SOURCE DATA ▸
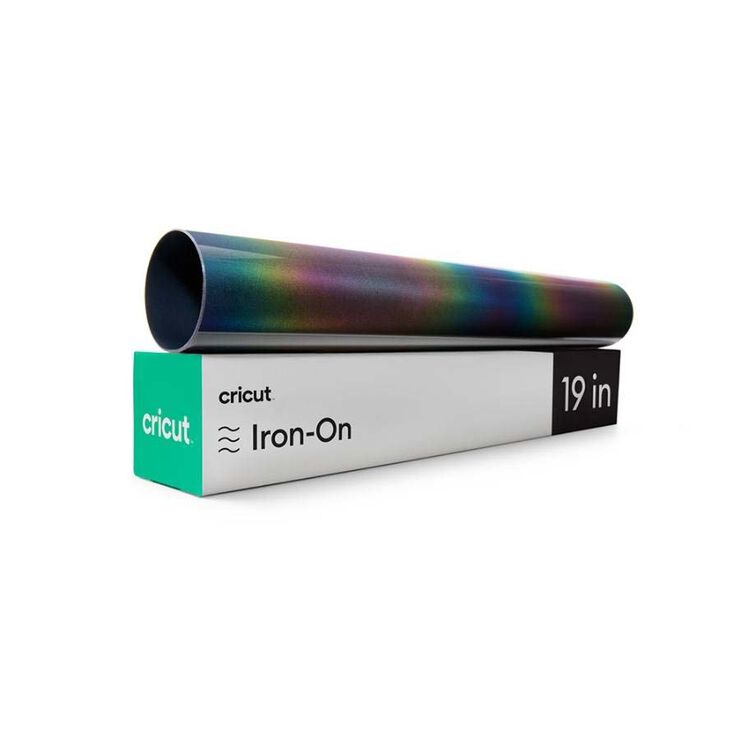 Iron-on Reflectant Rainbow 30x48cm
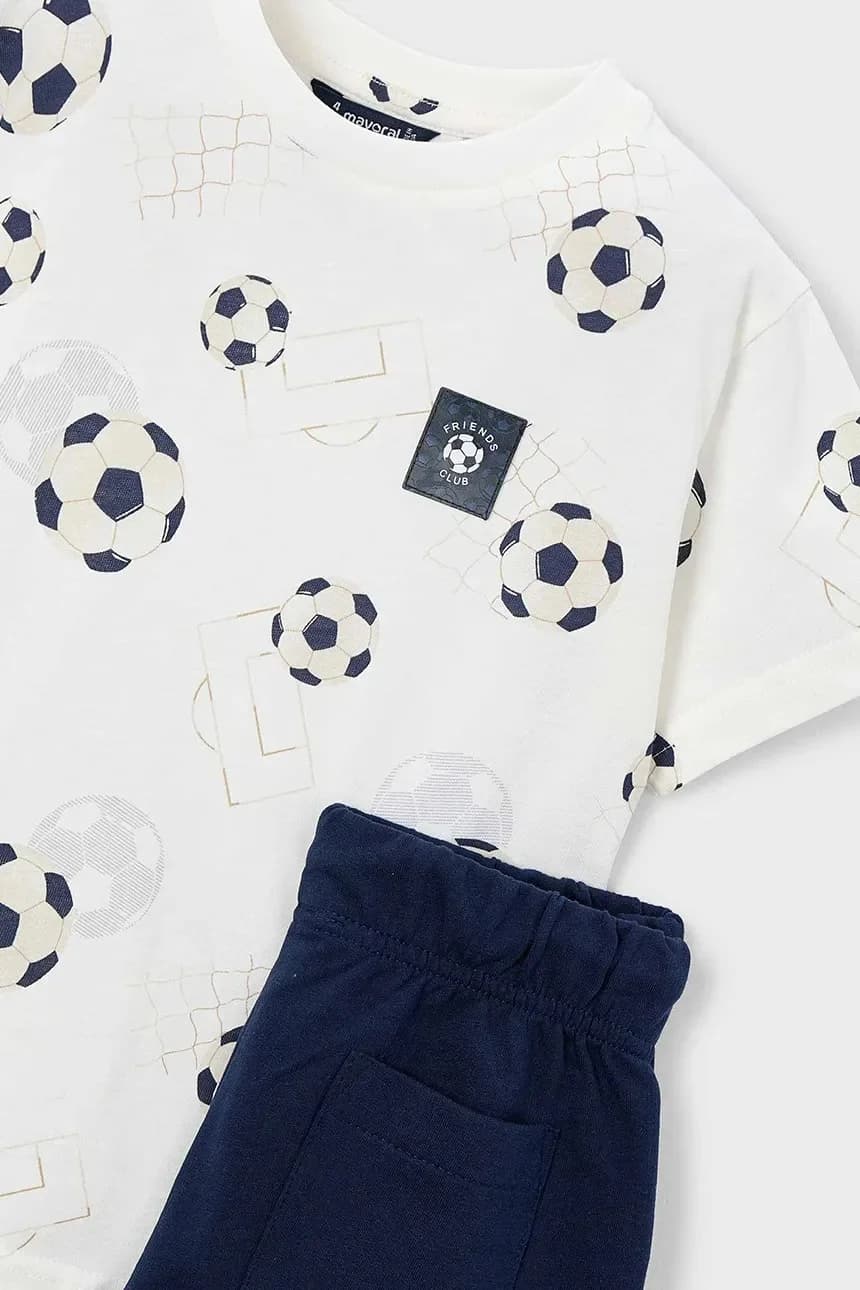 Детский хлопковый комплект - фото 3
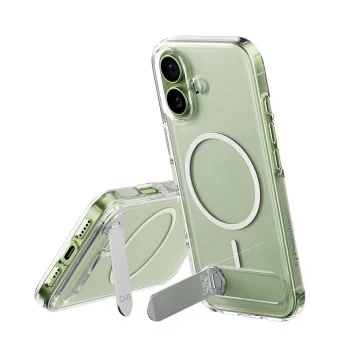 Калъф за iPhone 17 - PanzerGlass® - CARE Feature със стойка MagSafe - Прозрачен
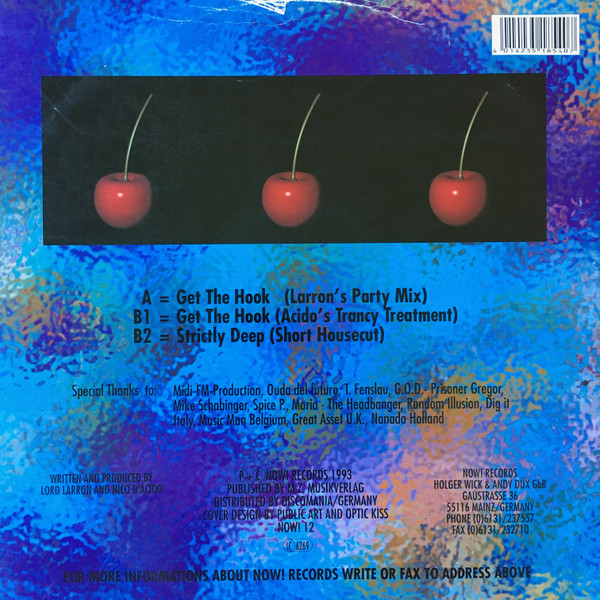 House Pimps - Get The Hook | NOW! Records (NOW! 12) - 2 House Pimps - Get The Hook | NOW! Records (NOW! 12) - 2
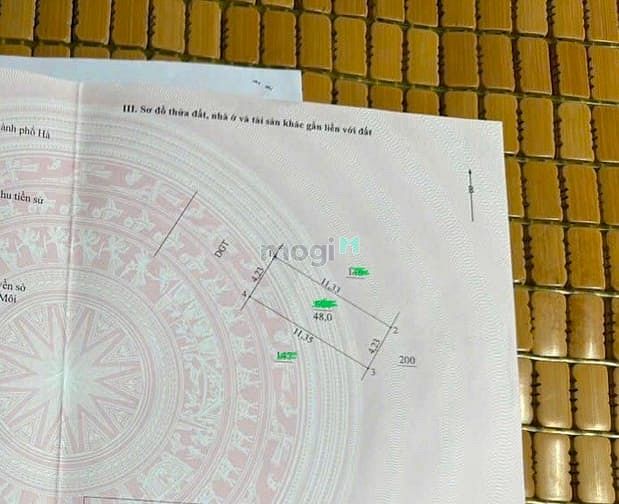 Hình ảnh ĐẤT : 48M phân lô vỉa hè + đg oto tránh - KĐT TT ĐÔ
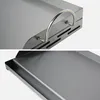 sweeek - Plancha Grillplatte, 40cm - Edelstahl Produktbild-Vorschau 3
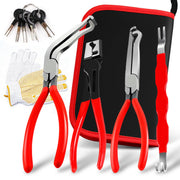 liucocotos front packaging showing full 4-piece set and case, highlights organized storage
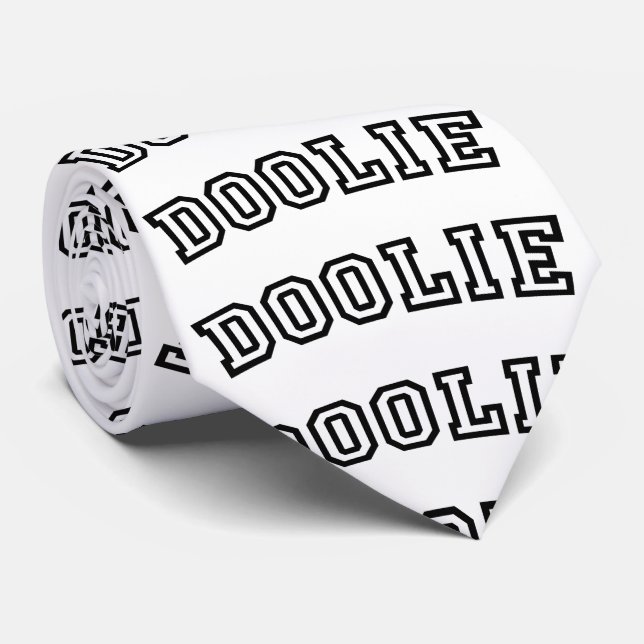 DOOLIE TIE (Rolled)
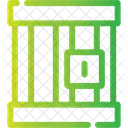 Prison Incarceration Jail Icon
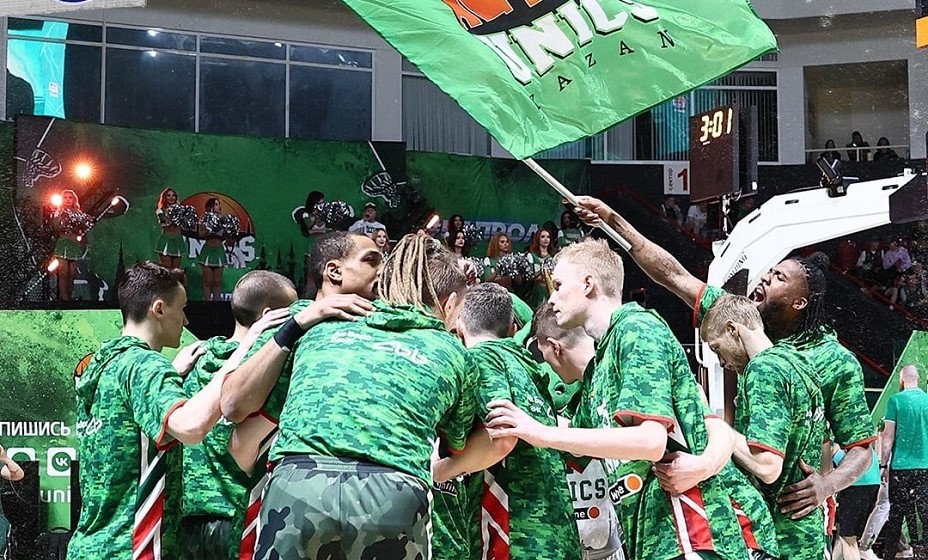 УНИКС – победитель Единой лиги ВТБ. Фото: БК УНИКС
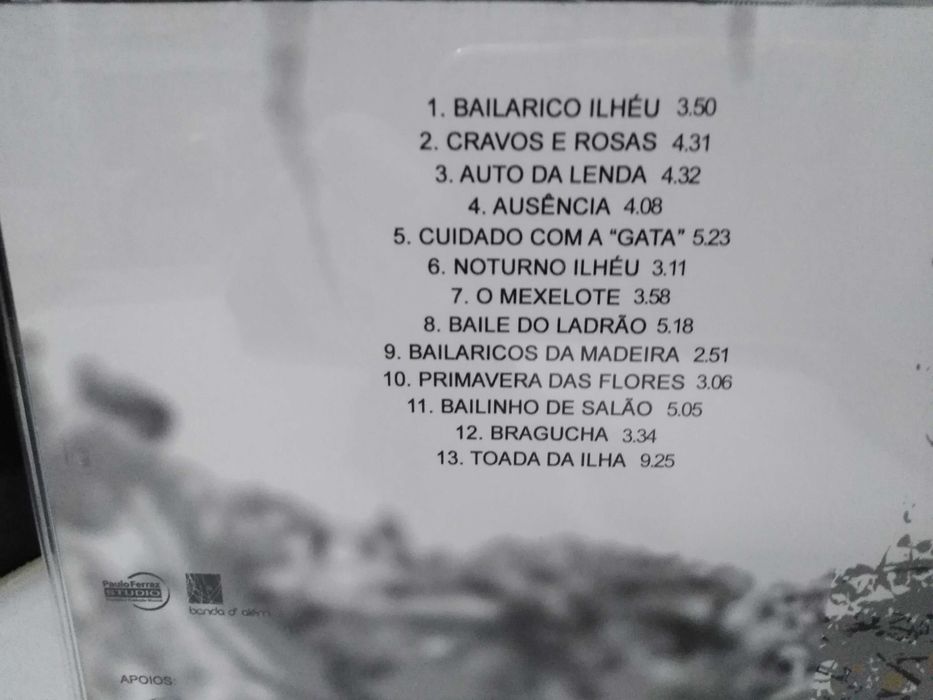 Cd Banda D'Além – Ausência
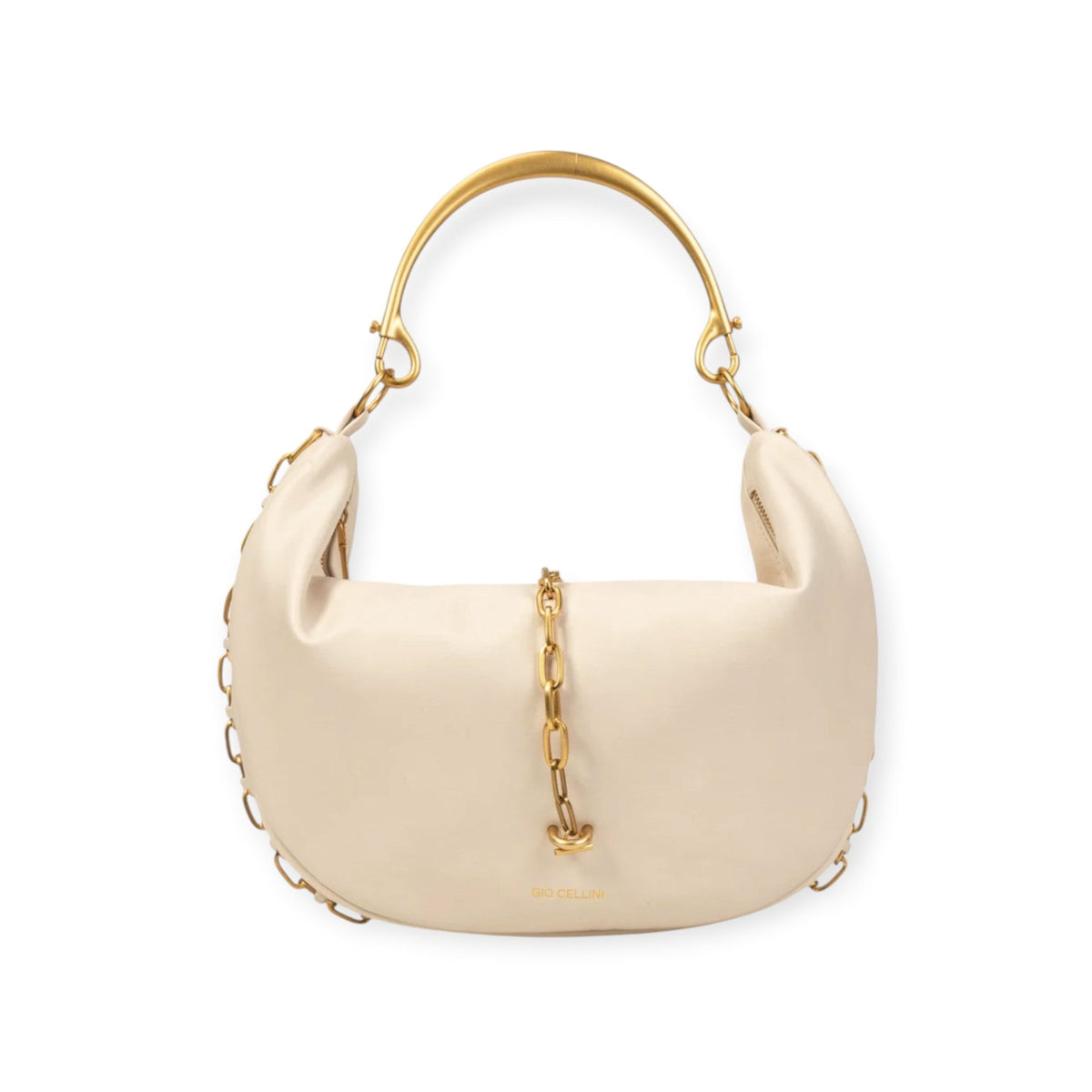 HOBO BAG BEIGE CHIARO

TASK DETAILS ▸ Could you return all the entries exactly as they appear, minus the pictures?

TASK RESPONSE ▸
 Iron-on Reflectant Rainbow 30x48cm
 Детский хлопковый комплект - фото 3
 Калъф за iPhone 17 - PanzerGlass® - CARE Feature със стойка MagSafe - Прозрачен
 House Pimps - Get The Hook | NOW! Records (NOW! 12) - 2 House Pimps - Get The Hook | NOW! Records (NOW! 12) - 2
 Hình ảnh ĐẤT : 48M phân lô vỉa hè + đg oto tránh - KĐT TT ĐÔ
 sweeek - Plancha Grillplatte, 40cm - Edelstahl Produktbild-Vorschau 3
 liucocotos front packaging showing full 4-piece set and case, highlights organized storage
 DOOLIE TIE (Rolled)
 Prison Incarceration Jail Icon
 УНИКС – победитель Единой лиги ВТБ. Фото: БК УНИКС
 Cd Banda D'Além – Ausência
 HOBO BAG BEIGE CHIARO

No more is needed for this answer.